-- Opening Marker --

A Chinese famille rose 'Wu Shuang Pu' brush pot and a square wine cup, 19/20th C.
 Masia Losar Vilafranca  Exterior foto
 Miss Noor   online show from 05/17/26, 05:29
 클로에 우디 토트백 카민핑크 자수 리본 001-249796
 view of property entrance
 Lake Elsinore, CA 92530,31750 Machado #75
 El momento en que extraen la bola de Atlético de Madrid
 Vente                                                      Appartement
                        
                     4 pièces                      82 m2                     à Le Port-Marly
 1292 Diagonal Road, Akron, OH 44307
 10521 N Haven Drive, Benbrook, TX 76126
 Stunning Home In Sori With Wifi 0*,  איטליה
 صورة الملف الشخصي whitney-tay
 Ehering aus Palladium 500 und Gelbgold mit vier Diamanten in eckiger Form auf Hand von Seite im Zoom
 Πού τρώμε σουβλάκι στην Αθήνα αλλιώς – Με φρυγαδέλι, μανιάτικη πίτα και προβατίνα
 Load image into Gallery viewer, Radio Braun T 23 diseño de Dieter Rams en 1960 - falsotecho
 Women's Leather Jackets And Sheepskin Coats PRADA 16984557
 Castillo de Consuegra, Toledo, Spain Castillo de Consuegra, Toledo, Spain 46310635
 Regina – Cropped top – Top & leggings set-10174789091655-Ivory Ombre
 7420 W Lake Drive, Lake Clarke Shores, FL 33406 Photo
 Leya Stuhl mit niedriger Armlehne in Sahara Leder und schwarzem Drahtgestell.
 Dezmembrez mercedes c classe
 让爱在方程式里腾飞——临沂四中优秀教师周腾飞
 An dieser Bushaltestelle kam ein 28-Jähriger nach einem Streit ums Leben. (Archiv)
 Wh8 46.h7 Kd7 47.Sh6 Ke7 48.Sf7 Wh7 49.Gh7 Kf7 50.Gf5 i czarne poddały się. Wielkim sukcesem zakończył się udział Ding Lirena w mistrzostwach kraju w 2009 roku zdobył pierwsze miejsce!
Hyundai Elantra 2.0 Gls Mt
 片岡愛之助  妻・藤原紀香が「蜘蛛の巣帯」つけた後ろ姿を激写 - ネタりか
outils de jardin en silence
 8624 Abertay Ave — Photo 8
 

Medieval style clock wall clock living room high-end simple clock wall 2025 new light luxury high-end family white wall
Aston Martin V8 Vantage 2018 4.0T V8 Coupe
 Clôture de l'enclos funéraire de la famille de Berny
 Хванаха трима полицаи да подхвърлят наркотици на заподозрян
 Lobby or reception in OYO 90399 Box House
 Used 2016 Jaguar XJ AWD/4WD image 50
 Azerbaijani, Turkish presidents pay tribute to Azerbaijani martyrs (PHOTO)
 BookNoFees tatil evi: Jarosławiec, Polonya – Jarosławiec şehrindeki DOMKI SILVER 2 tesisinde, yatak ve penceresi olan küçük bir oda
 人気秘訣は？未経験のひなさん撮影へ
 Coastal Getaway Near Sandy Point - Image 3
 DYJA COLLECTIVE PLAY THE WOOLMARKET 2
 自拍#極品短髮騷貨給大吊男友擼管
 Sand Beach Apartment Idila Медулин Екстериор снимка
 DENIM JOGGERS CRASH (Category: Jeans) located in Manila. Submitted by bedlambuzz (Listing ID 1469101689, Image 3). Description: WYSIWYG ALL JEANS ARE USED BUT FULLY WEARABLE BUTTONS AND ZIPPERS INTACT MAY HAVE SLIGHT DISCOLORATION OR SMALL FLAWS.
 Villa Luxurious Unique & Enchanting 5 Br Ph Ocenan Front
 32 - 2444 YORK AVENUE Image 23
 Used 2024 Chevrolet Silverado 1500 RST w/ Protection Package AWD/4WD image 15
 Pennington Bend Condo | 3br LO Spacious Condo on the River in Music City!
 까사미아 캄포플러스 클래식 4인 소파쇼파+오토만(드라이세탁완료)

-- Closing Marker --

Prompt: Lines with the word "Drive" in them: report all of these from the listing above.

Result for this task:
 10521 N Haven Drive, Benbrook, TX 76126
 7420 W Lake Drive, Lake Clarke Shores, FL 33406 Photo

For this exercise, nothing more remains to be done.